Frank! (wir lachen beide) Nein, das war nur ein Scherz, aber das ist eine ziemlich gute Frage. Ich glaube Debbie Gallagher. Sie ist auf dem Weg zum Erwachsenwerden, fühlt sich oftmals hilflos, ist schüchtern und passt nicht überall rein, weil sie eben nicht der normale Teenager ist, den die meisten Mädchen darstellen. Ich kann mich daran erinnern, dass ich das auch mal gefühlt habe und daher würde ich sie auswählen.

Gibt es Dinge, die sich seit der ersten Staffel 2010 in Bezug auf ihre Musikauswahl grundlegend geändert haben?
Ja, manche Staffeln fühlen sich unterschiedlich an. Ich glaub die Staffel 4 hatte eine ziemlich große Storyline über Fiona und war deswegen viel düsterer als die anderen Staffeln.

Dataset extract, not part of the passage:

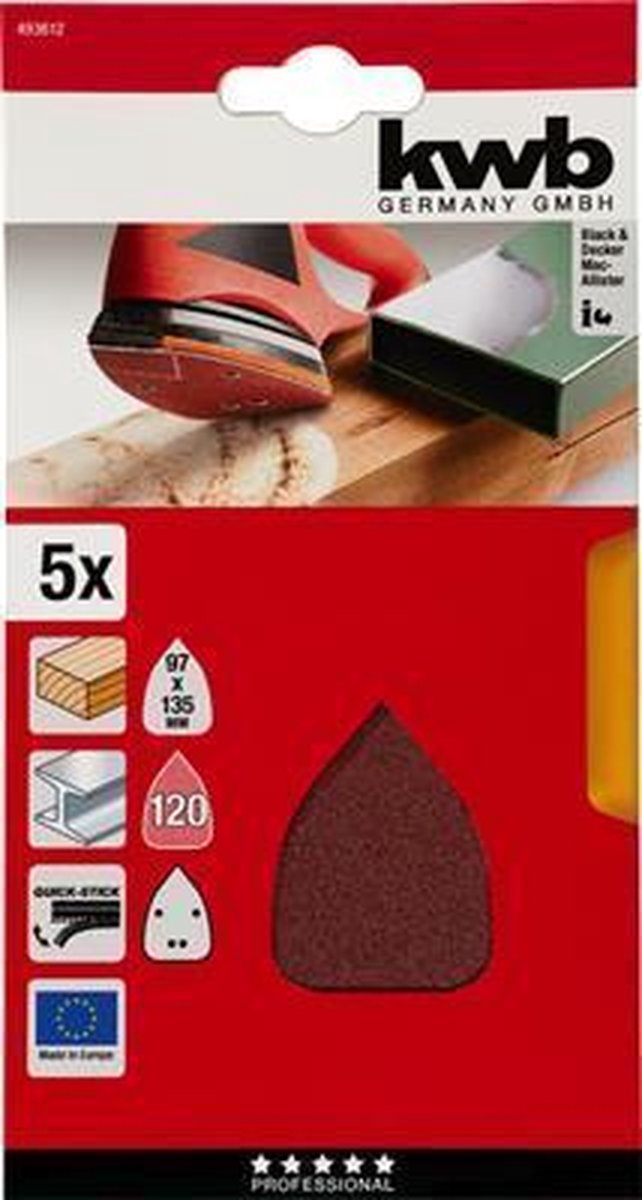 kwb Schuurdriehoeken, Hout & Metaal. 97 X 135 Mm K120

Diese Staffel war weiblicher und wir benutzten viel elektronische Musik, um ihre Ängste zu verdeutlichen, weil das besser wirkte, als die Rockgitarren.

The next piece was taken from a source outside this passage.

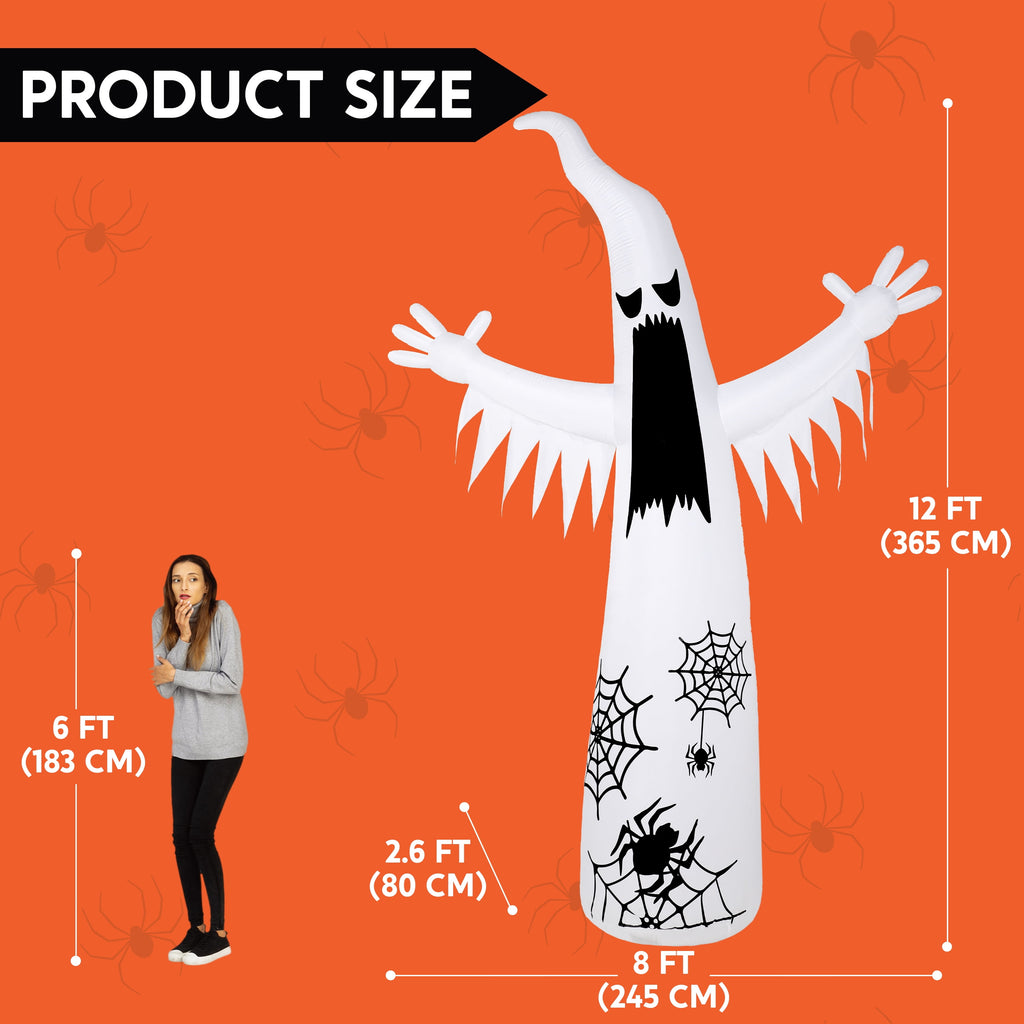 Joyfy 12 ft Halloween Inflatable Outdoor Ghost,Giant Ghost Blow Up Decor with Built-in LED Lights,inflatables with Build-in LEDs,Spooky Outdoor Decorations for Yard & Lawn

Im Winter kommt nun endlich Staffel 6. Kannst du schon etwas darüber sagen?
In der neuen Staffel entwickelt sich ein Handlungsstrang, der auch eine Menge HipHop in die Serie bringt. Ich weiß gar nicht, ob ich darüber schon so viel sagen darf, aber es gibt da eine Gangster-Storyline. Ähm, aber mehr sag ich jetzt lieber nicht (lacht).